Sponsor: Merck Sharp & Dohme (Australia) Pty Ltd
Date of PBAC Consideration: March 2010

1. Purpose of Application:

The submission sought an extension to the current Section 100 (Highly Specialised Drugs Program) listing for the treatment naïve patients with human immunodeficiency virus (HIV) infection, who meet certain criteria.

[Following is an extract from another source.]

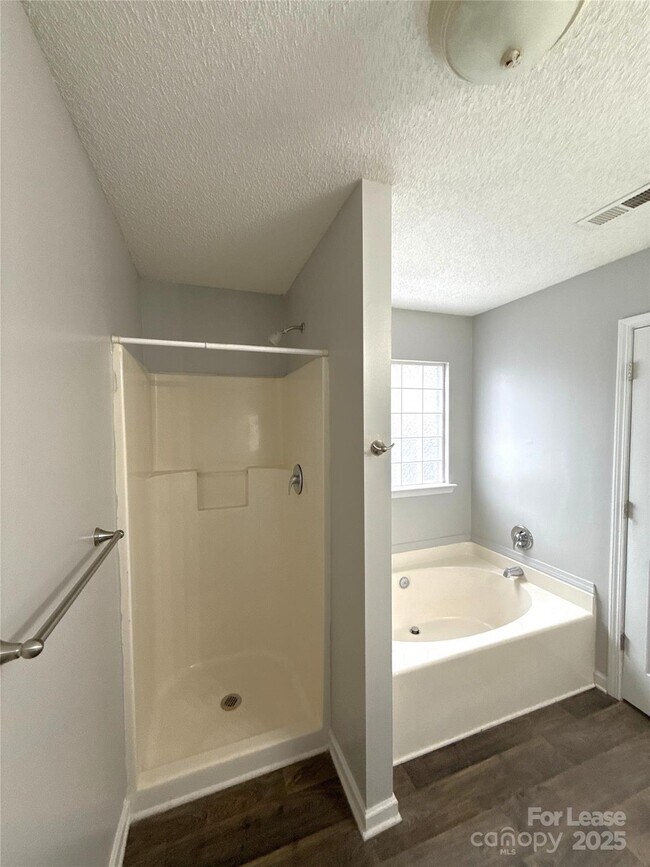 Building Photo - 6018 Patric Alan Ct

Highly Specialised Drugs are medicines for the treatment of chronic conditions, which, because of their clinical use or other special features, are restricted to supply to public and private hospitals having access to appropriate specialist facilities.

2. Background:

This was the first time raltegravir had been considered by the PBAC for use in treatment naïve patients with HIV infection.

3. Registration Status:

Raltegravir was TGA registered on 28 October 2008. Raltegravir is currently registered for use in combination with other antiretroviral agents, and is indicated for the treatment of human immunodeficiency virus (HIV-1) infection in adult patients. This indication is based on analyses of plasma HIV-1 RNA levels in controlled studies of raltegravir. The use of other active antiretroviral agents in combination with raltegravir is associated with a greater likelihood of treatment response. There are no study results demonstrating the effect of raltegravir on clinical progression of HIV-1 infection.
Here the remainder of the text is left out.